HAENA — One of the sure signs of the new management paradigm for this state park and the adjoining Ha‘ena State Park on Kauai is a truer wilderness experience for people hardy enough to hike 11 miles one-way from Ke‘e Beach to Kalalau Beach.
For decades this section of the state’s largest wilderness park had a wild west atmosphere, with illegal campers and often-times their huge, trashy campsites marring the experience and the environment. This increased management costs due to the need to use helicopters to remove the rubbish.
A large part of the waste stream was generated from illegal campers, who also were serviced by vessels that would bring in cases of alcohol, furniture and food supplies. Backpackers with permits and a wilderness ethic would never consider carrying these heavy, bulky supplies along the rugged and challenging Kalalau Trail.
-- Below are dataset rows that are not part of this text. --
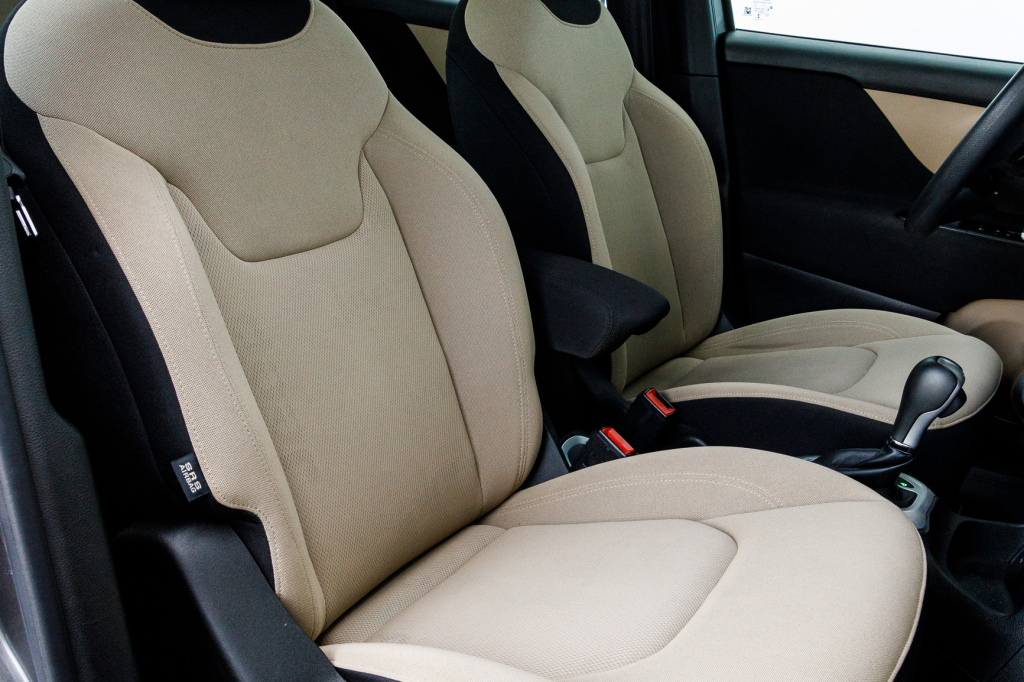 Jeep Renegade Sport 4x4 2015 photo 16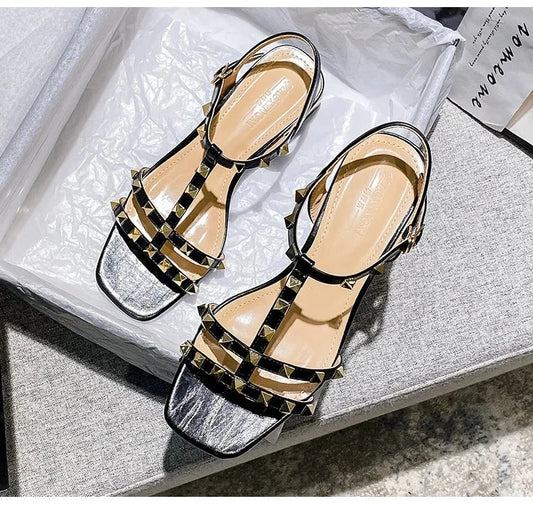 2023 Summer low heel women rivets sandals thin ribbon fashion Korean design girls shoes large size wear slippers free delivery Blue Wolf Store 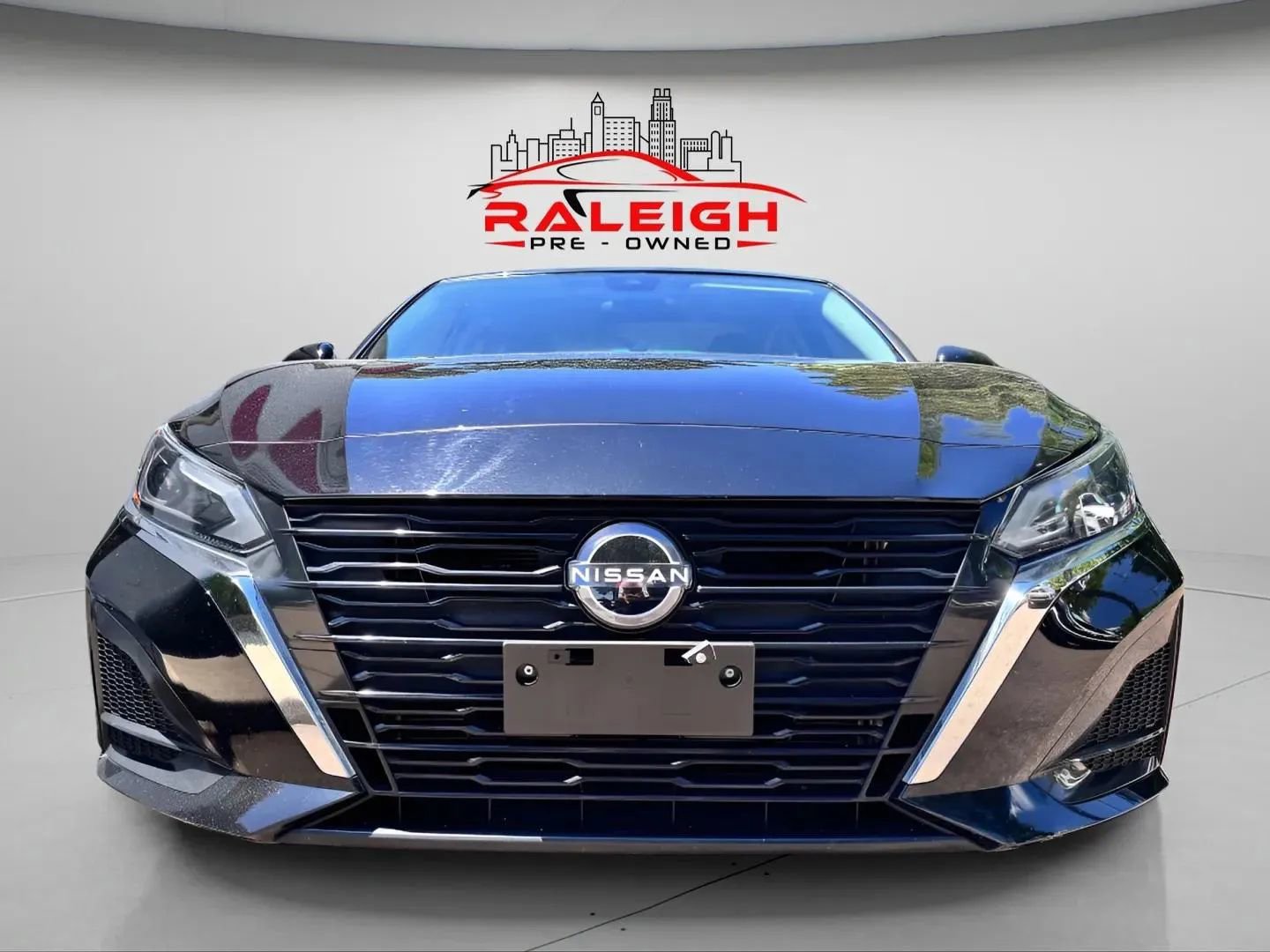 Used 2023 Nissan Altima 2.5 SV image 6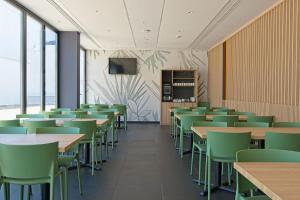 hotel dwo colours alcala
Plus, it wouldn’t be feasible.
Recently, a pair of officers from the state Department of Land and Natural Resources Diision of Conservation and Resource Enforcement issued just three citations to people at Kalalau for closed-area violations.
This is in sharp contrast to visits prior to the park closing for 14 months after severe April 2018 flooding. During earlier law-enforcement sweeps, dozens of people were often criminally cited, and some were arrested.
DOCARE Enforcement Chief Jason Redulla said “It’s heartening to see that the limits on visitors at the parks entrance is having the desired and positive effect of less illegal activity at Kalalau Beach.”
DOCARE Officers Jeff Garcia and Otis Ingram recently flew into the area and walked the entire length of the beach and adjacent designated camping area. They encountered 25 or 30 campers, most of whom produced valid permits. The three who were cited are required to make court appearances and could face fines or jail time.
“We got a lot of positive feedback from the legal campers that Kalalau was quiet, mostly trash-free and devoid of long-term squatters who used to claim prime camp spots and in some cases were conducting illegal activities from those spots,” Garcia said. “Recently, officers cited a man who was conducting illegal commercial operations — bringing people to the wilderness park by boat or jet ski. The man was been cited repeatedly for the same violation.”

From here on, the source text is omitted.